Support propositional equality

[HuStmpHrrr]

We should add propositional equality. There are three terms:

1. Eq A a b which is the type;
2. refl A a is the only constructor;
3. J is the elimination principle; check ITT for an exact formulation.

We need the following things:

• Extend the parser front-end
• Add syntactic rules
  • update syntax for propositional equality #205
  • add rules for prop equality #207
• Add cases for the domain model
  • Add semantics for prop eq #254
• Extend evaluation and readback
  • Add semantics for prop eq #254
• Fix the PER model
  • Add semantics for prop eq #254
  • Eq completeness cases and some optimization #256
• Fix the completeness proof
  • Eq completeness cases and some optimization #256
• Fix the Kripke gluing model
  • Working on soundness proof #259
• Fix the soundness proof
  • Working on soundness proof #259
  • Fix realizability and Lemmas #267
  • add a template for soundness proof #270
  • finished semantic well-formedness of equality type #271
• Fix the typechecker

[HuStmpHrrr]

We use ext/prop-eq for this extension, and then eventually merge it to main.

[HuStmpHrrr]

As per

we do not need to change the subtyping rule at all for equality.

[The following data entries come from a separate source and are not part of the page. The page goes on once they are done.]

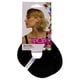 thumbnail image 1 of Pañuelo Hairdo Ondulado Pop Ébano R2, 1 of 3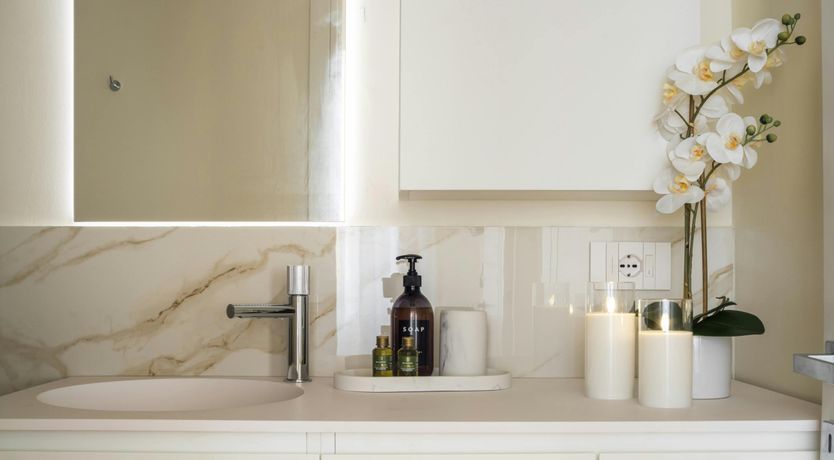 Photo of The Heart of Milan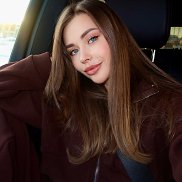 �����, , West Orange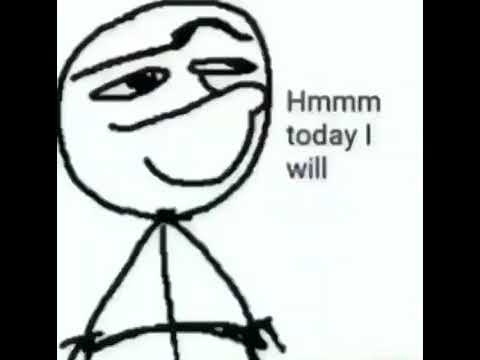 Among Us Get Out Of My Head Meme Youtube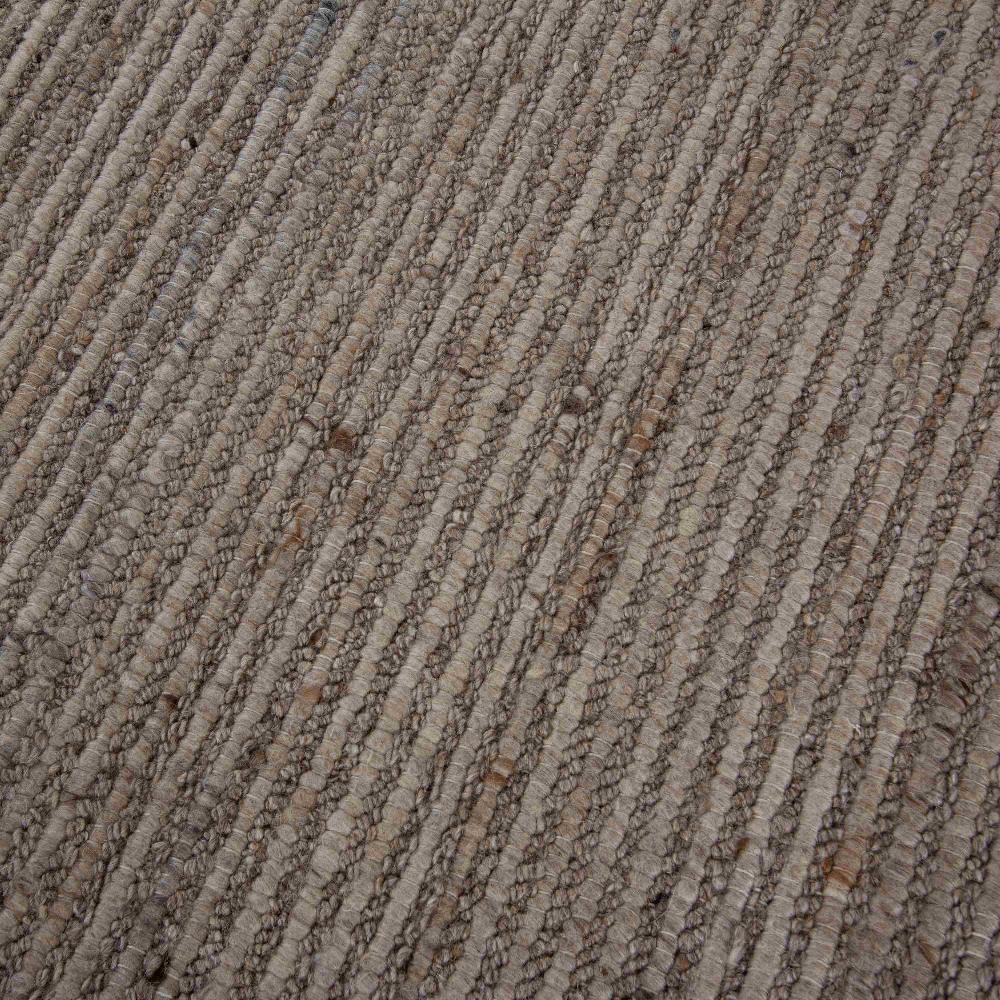 Rizzy Home Petra PET246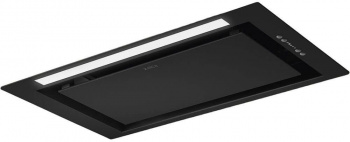 Вытяжка встраиваемая Elica Lane SENSOR BL MAT/A/52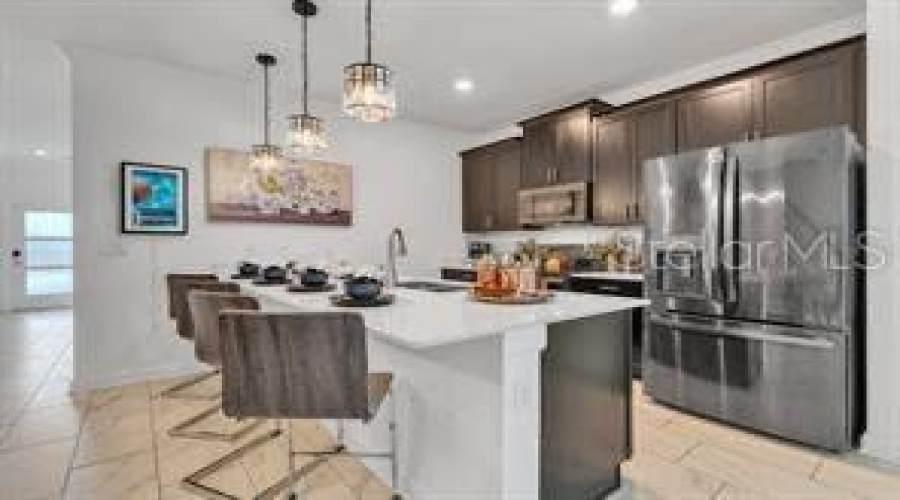 DAVENPORT, Florida 33896, 5 Bedrooms Bedrooms, ,4 BathroomsBathrooms,Residential,For Sale,LEADER,0,MFRO6355909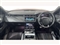 Land Rover Range Rover Velar Image 10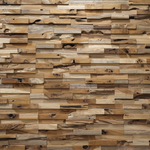 ULTRAWOOD TEAK BOLOGNA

c.f. https://coq.inria.fr/doc/V8.18.0/refman/language/cic.html#subtyping-rules

also

Axiom x y : Set.

Definition foo : Type := x.

Axiom bar : @eq Set x y.

Fail Definition baz : @eq Type x y := bar.

This subtyping rule might be too conservative. I intend to believe that we should be able to let subtyping to apply for A in Eq A a b but we should leave this for the future.

[HuStmpHrrr]

thinking about it twice, I think we cannot let subtyping to propagate in any inductive data types. consider just equality. If we allowed subtyping so that if A <: B, then Eq A a b <: Eq B a b, then we immediately lose canonicity of equality. because now refl A a can also be a constructor of Eq B a a, while otherwise, refl B a is the only possible constructor. Clearly, refl A a and refl B a cannot be related. we should really be careful about our intuition with the presence of subtyping.

[Ailrun]

How about contravariant subtyping for pi types? It has a similar problem: \lambda B 5 is of \Pi B \BbbN, but not directly of \Pi A \BbbN (for a subtype A of B)

[HuStmpHrrr]

I tend to believe negative types are better off due to eta expansion. The same probably applies to products.

[Ailrun]

So you mean any positive types should not allow subtyping? Hm, that might be the case...

[Ailrun]

Soundness is not just "tedious". It requires quite a significant change in proofs. For one of simpler examples, we need to change glu_univ_elem_typ_monotone and glu_univ_elem_exp_monotone to be mutually proved.